Who’s to Blame for Human Depravity?

If ever you find yourself about to be eaten by an alligator, or sat upon by a hippopotamus, it is probably not a good idea to appeal to the better angels of their nature in hopes of securing your release.  In the first place, there are no better angels lurking about the animal world, nature never having gotten around to inscribing beasts with rational souls.  In the second place, they are behaving exactly as denizens of the jungle and swamp are supposed to behave, which is why your destiny may well be their dinner.  What else can one expect of creatures so utterly unlike us that neither the image nor the likeness of God will ever be found in them?

The light of reason illumines only creatures of sense and sensibility, to use the language of Jane Austen; so give it a good and brisk workout from time to time.  God intended the exercise to flood the mind with all that elevates us above the animals.  However cute the cocker spaniel, or cozy the koala bear, their hearts will never soar beyond the stars, nor respond with tender mercy to the anguished cries of the poor.  But our hearts may well be moved to do so.  Yes, and free to refuse as well.  And in that refusal we see unmistakable evidence of that terrifying compliment, citing a lapidary phrase out of C.S. Lewis, paid to us by a God who takes so seriously the freedom he confers that he is willing even to run the risk of men spitting in his eye.  If to be free is to have the capacity for making wise and virtuous choices, pursuant to an end far beyond mere appetite, it is at the same time the right to lose oneself in sin and damnation.

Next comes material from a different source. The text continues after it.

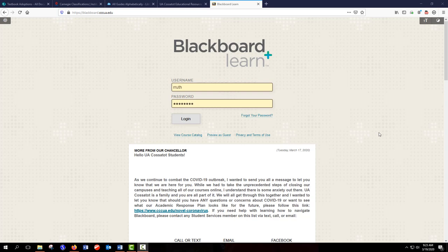Hello students, my name is Rulinda and I'm the Director of Educational Resources and OER Specialists at UA Casa Taught. Many of you already know me. I also teach four classes as a part-time job, so some of you may even be my students.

This is not a truth of peripheral importance to the Christian faith.  Of every man made by God, Lewis reminds us, we must say, This also is Thou: neither is this Thou.  What can that possibly mean but that man, even before his bearing the mark of Cain, bore the image and likeness of God.  And that the resemblance is not anything we can possibly erase; that even in choosing to go to hell, we shall carry the connection with us straight into the pit.  “Simple faith leaps to this fact with astonishing ease,” says Lewis.  “I once talked to a continental pastor who had seen Hitler, and had, by all human standards, good cause to hate him.  ‘What did he look like?’ I asked.  ‘Like all men,’ he replied.  ‘That is, like Christ.’”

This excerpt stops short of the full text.